Hello, fantastic, awesome humans.
It's Jonathan Fields coming to you with today's Good Life project update, where we blend a couple of different segments together, generally a riff and a good life science update, which is what we've got on Tapview today.
In our riff, I'll be talking about something that I call the touch economy.
I have no idea if that phrase has ever been used before, but it's just kind of the phrase that I use to describe our intrinsic need to be tactile in the world.
And it's something that I think we're coming back to.
We're also diving into some pretty fascinating research, and that is research about how listening versus seeing actually allows us to pick up emotion.
Really excited to share these riffs and science updates with you.
I'm Jonathan Fields, and this is good life project.

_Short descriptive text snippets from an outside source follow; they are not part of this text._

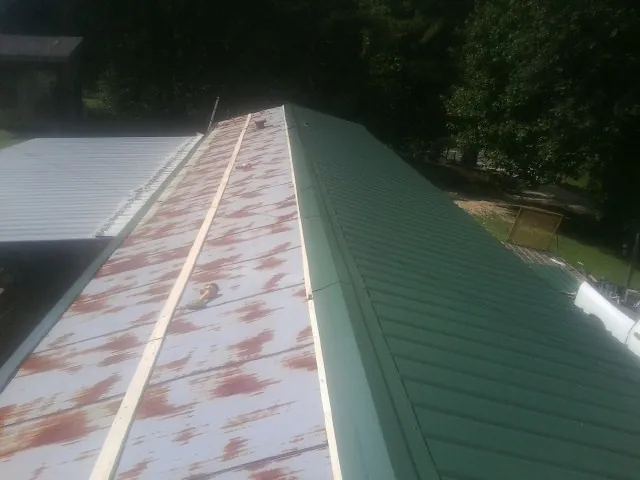 Old rusted panels beside newly installed green metal roofing — Wind Damage Roof Repair by Roofing Brothers in Berthoud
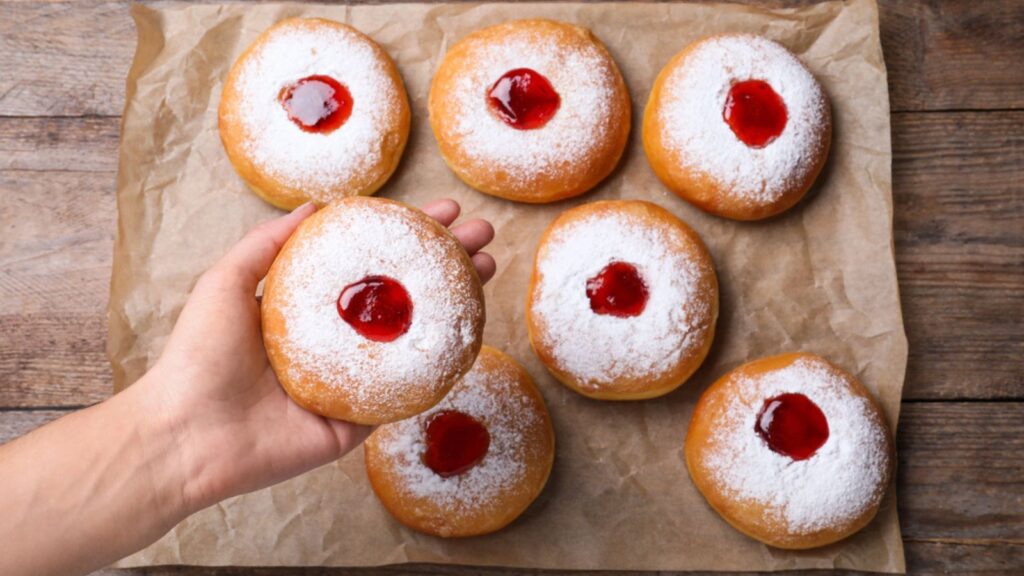 Woman holding Hanukkah doughnut with jelly and sugar powder over wooden table, top view.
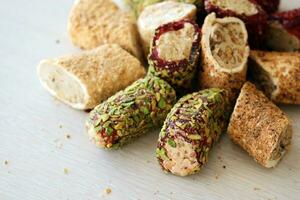 Rolls of turkish delight with different flavors and fillings close up on table photo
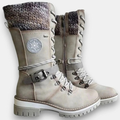 Women's mid-calf lace-up boots with buckle straps, side zips and chunky ridged soles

And we're back with today's riff.
I want to talk to you about this thing that I call the touch economy.
And this has been on my mind for years now.

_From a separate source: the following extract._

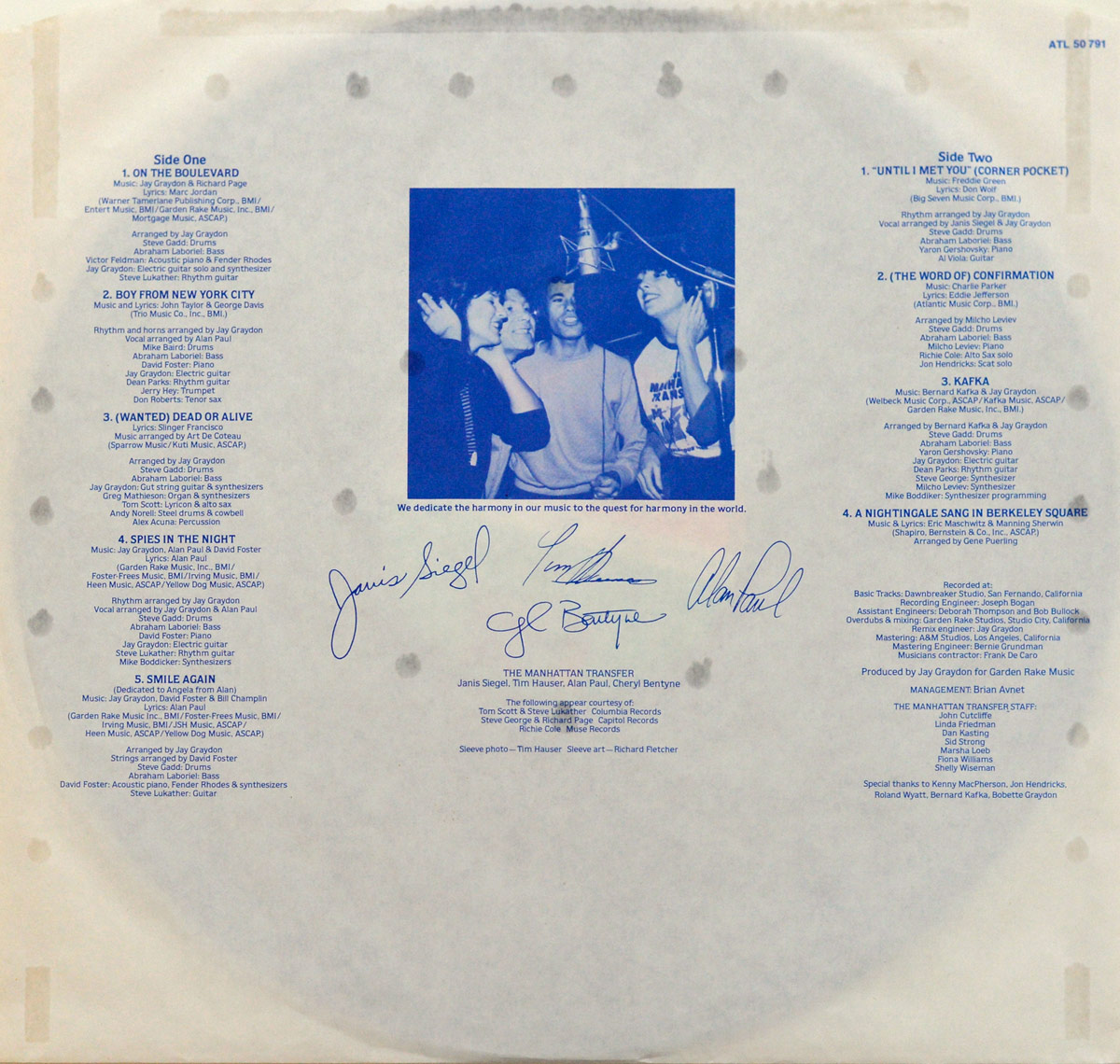 Custom inner sleeve of THE MANHATTAN TRANSFER - Mecca For Moderns. Features full track details, blue-tinted studio photo of the band recording vocals, and facsimile signatures.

We see so much of the world moving into the space of being digital.
You know, it's funny.
We were out of the city the other weekend, and we're hanging out at a coffee shop, and on a table in the coffee shop, there was this old rotary phone.
And I'm hanging out with, it was me, my wife, and my 16 year old daughter.
And we look at the phone, and we're kind of trying to describe how the phone worked to my daughter, which is like this kind of foreign, bizarre thing.
And it becomes pretty, pretty clear that there's a dial, and you put your finger in the little hole and you spin it around and there are little kind of tap, tap, tap clicks that happen.
And for those of you who are a similar age as I am, I'm 51 or somewhere in the range or who are exposed to rotary phones, you may have, when you were a kid, hit a point where a parent may have gotten a little bothered by the amount of phone calls, taking up the one phone in the house and put a classic phone lock, which was like a little nub that stuck out so you couldn't rotate the dial.
And then you learn that if you tapped the little thing that sat under the handset, you could click off the numbers of a telephone number and secretly call your friends and bypass that high level gadgetry that was designed to stop you from calling.
The bigger point being, we grew up, many of us, in a world that was highly tactile.